L’auteur de Shakespeare et la Postmodernité ne se contente toutefois pas de remettre en cause un certain nombre d’excès critiques. Il s’efforce aussi de proposer au sein de chaque chapitre des outils épistémologiques censés rétablir le dialogue trop souvent rompu entre l’auteur et le lecteur. D’autant que, dans le cas de Shakespeare, la quête des origines s’avère inéluctablement vaine. Les textes qu’il nous a légués sont en effet instables, fuyants et, en fin de compte, insaisissables. Pourtant, ces caractéristiques a priori négatives ont façonné une œuvre plurielle et foisonnante, perpétuellement renouvelée, précisément parce que « la transformation des textes est une activité primordiale, au sens où la littérature demeure un espace ouvert et non fini, un lieu commun, un endroit dont le but est sans doute d’amener les individus à repenser, par leur engagement pratique avec les livres et la littérature, ce qu’est cet ‘être en commun’ et ce qu’ils voient lorsqu’ils se contemplent dans les livres », affirme l’auteur [265].

Les points forts de cette étude se situent incontestablement dans les deuxième et troisième chapitres, qui prolongent en réalité Shakespeare’s Hybrid Faith : History, Religion and the Stage (Basingstoke, Palsgrave, 2006), du même auteur. Dans le deuxième chapitre, Jean-Christophe Mayer revient en effet sur la manière dont les cercles radicaux britanniques du XIXe siècle s’emparent de la figure du dramaturge « pour en faire un positiviste » [77], et dévoile ainsi un pan critique généralement peu exploité dans les études les plus récentes portant sur le retour du religieux. Dans le chapitre suivant, les exemples puisés dans Henry V et Henry IV, deuxième partie, contribuent à éclairer utilement les avancées historiographiques de l’époque shakespearienne et à remettre en cause un certain nombre de clichés. Les chapitres d’introduction et de conclusion offrent quant à eux des pistes d’étude prometteuses sur le rôle de l’auteur et du lecteur pendant la première modernité, et mettent en avant des processus cognitifs de création trop souvent oubliés lorsqu’il s’agit d’analyser les pratiques théâtrales de la Renaissance. Les dernières pages de l’étude de Jean-Christophe Mayer traitent par exemple de cet objet fascinant qu’est la tablette (« table » ou « table-book »), qui servit longtemps « de métaphore, pour parler du travail de l’esprit humain, de l’accès au savoir, et de la mémoire des êtres et des choses » [240]. On devine ici le sujet d’un futur ouvrage, au diapason du matérialisme culturel et de l’histoire du livre tels que le pratiquent aujourd’hui Roger Chartier ou Peter Stallybrass, dont l’auteur nuance cependant certaines positions critiques, notamment lorsqu’il précise que la tablette ne constitue pas tant à ses yeux un modèle « antithétique de l’esprit humain » qu’un modèle « ambivalent » [241], position qui demande d’ailleurs à être développée et approfondie.

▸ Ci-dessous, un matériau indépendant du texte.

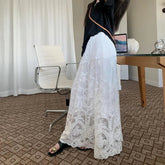 Fat Mm Large Size 300 Catties White Lace Skirt for Women in Spring New High-waisted Slim Big Sling Skirt voguable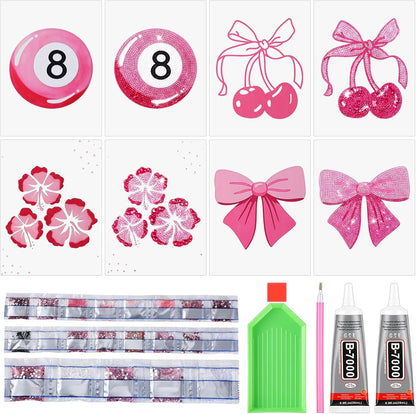 4 Sets Preppy Diamond Art Kits, Girls Night Game, Lucky Cherry Canvas Diamond Art Kit Coquette Preppy Wall Decor Trendy Coquette Pink Bow DIY Gem Painting Bachelorette Party Games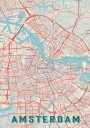 Retro Map   Amsterdam Plakat Plakat / 70x100cm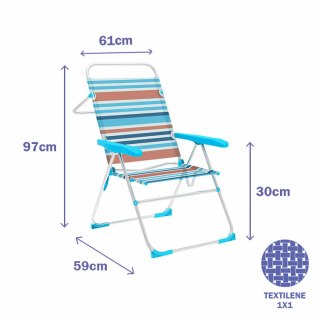 Marbueno Silla Plegable 5 Pozycji Aluminiowa Pasy Pomarańczowe i Niebieskie 59X61X97 cm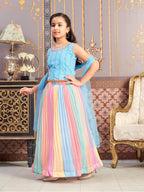 Aarika Girls Ethnic Wear Turquoise-Multi Colour Beads Embroidery/Print Georgette Lehenga Choli Set With Dupatta (5-16 Years)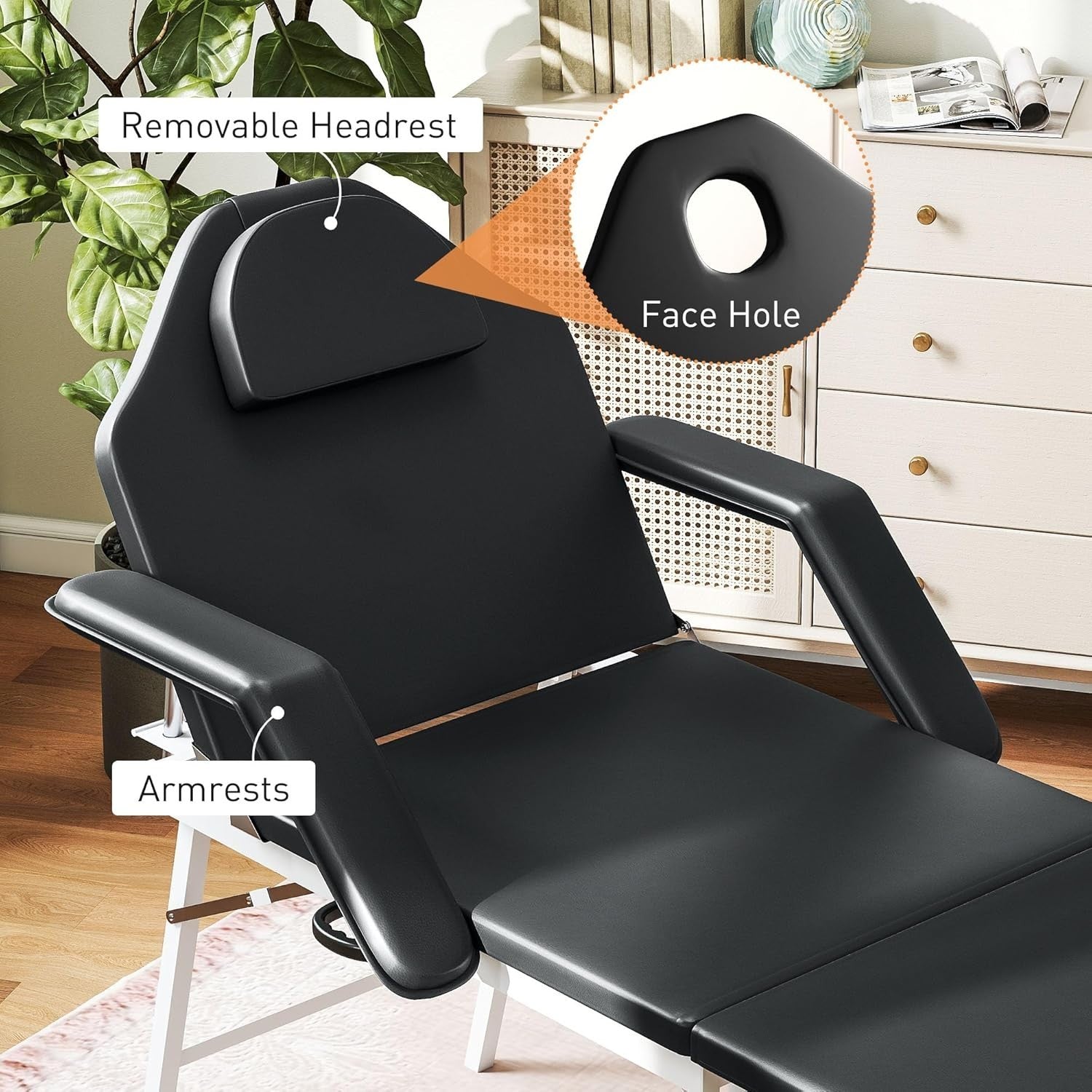Portable 3-Section Massage Table Adjustable Beauty Bed Recliner Face Hole Black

Shakespeare et la Postmodernité sera un livre utile pour qui, comme Jean-Christophe Mayer lui-même, influencé par les théories de Paul Ricœur, cherche à repenser des concepts et des outils critiques essentiels à la bonne compréhension d’une œuvre aussi riche, novatrice et déroutante que celle de Shakespeare. Le grand mérite de cet ouvrage bien documenté (à ce titre, on consultera avec attention la liste des manuscrits, des livres imprimés, ainsi que des sources premières et secondaires en fin d’ouvrage) n’est donc pas tant d’apporter des correctifs à des méthodes d’analyse désormais bien connues que de susciter une réflexion sur la manière dont nous abordons le dramaturge aujourd’hui et, à ce titre, Shakespeare et la Postmodernité représente une étude particulièrement stimulante.